New telemedicine technologies are transforming hospitals across the country by making it easier for healthcare professionals to monitor and communicate with patients. Depending on the hospital, these new technologies are used in a variety of different ways to improve patient safety.
- Improving communications with patients: At St. Elizabeth Regional Medical Center in Lincoln, Nebraska, nurses appear on high-definition televisions to assist patients. Nurses can walk patients through discharge instructions or demonstrate how to dress wounds. Doctors can remotely consult patients on their medication regimens or show patients imaging testing results.
- Enhancing patient monitoring: At CHI Health, the hospital is using 3-D cameras and advanced algorithms to remotely monitor patients for falls. These cameras and algorithms can predict movements and alert hospital staff when patients are at risk of falling. Other hospitals or medical centers use wearable technology like Google Glass to monitor and assess patients.
- Providing greater access to healthcare: Telemedicine programs at hospitals allows patients in rural areas to interact with health care professionals. In some cases, these interactions can occur from home or at work.

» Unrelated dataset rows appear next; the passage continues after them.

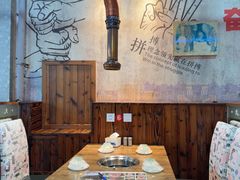 -久品肥牛烤肉(碧海华庭店)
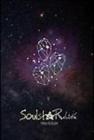Soulstar / Rebirth|歌手　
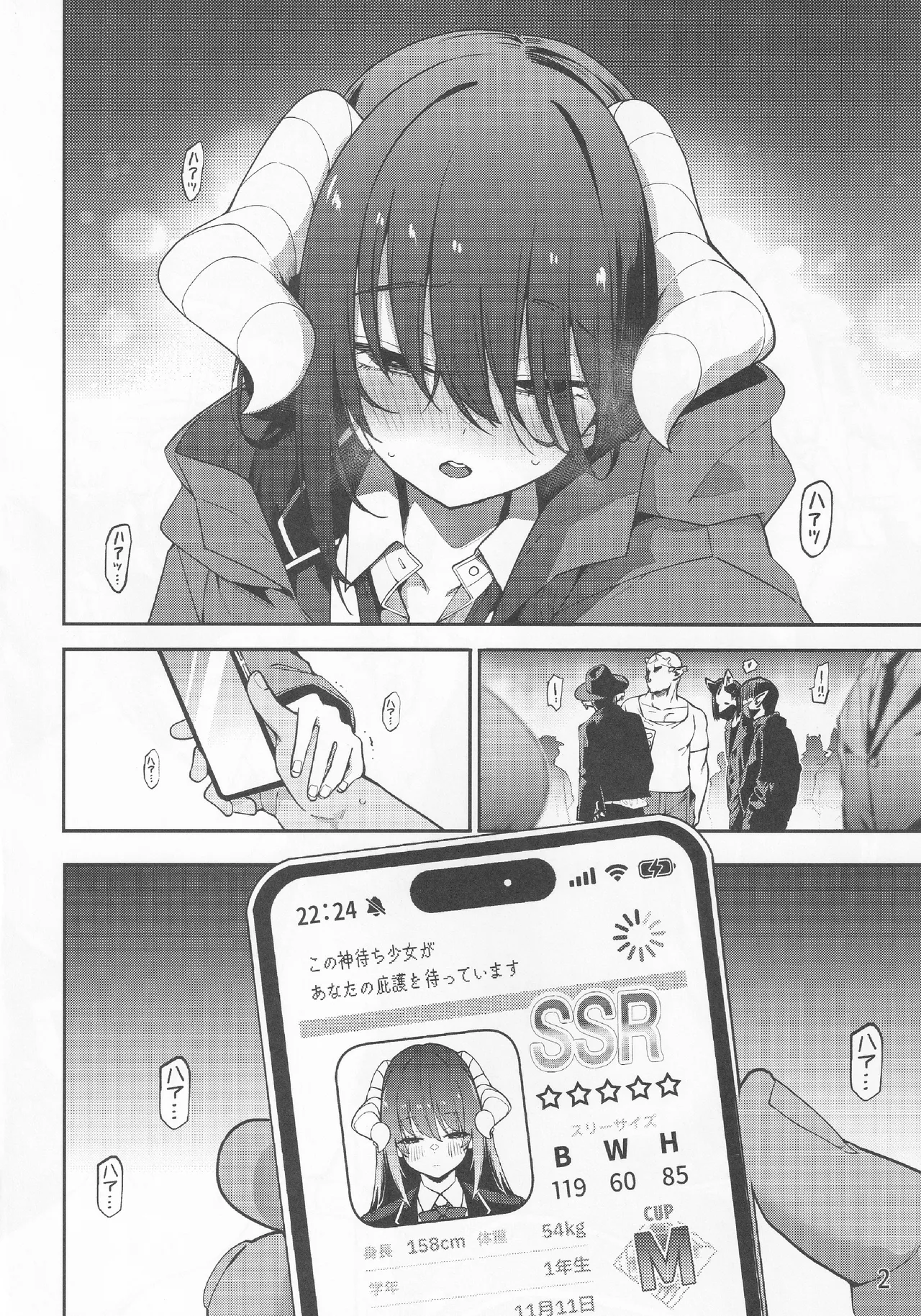 Kamimachi Collection - Stray Girl Collection - Page 3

Are Telemedicine Technologies Flawless?
Depending on how these technologies are used, there may be flaws. In some cases, patients need direct contact with doctors to diagnose certain illnesses. Telemedicine systems may have glitches, or interruptions in connections caused poor weather or other factors. These technologies are useful for performing a complementary role, but many would agree it is long way off from replacing traditional patient care entirely.
Despite these shortcomings, there are clear advantages to telemedicine technologies when they are used properly.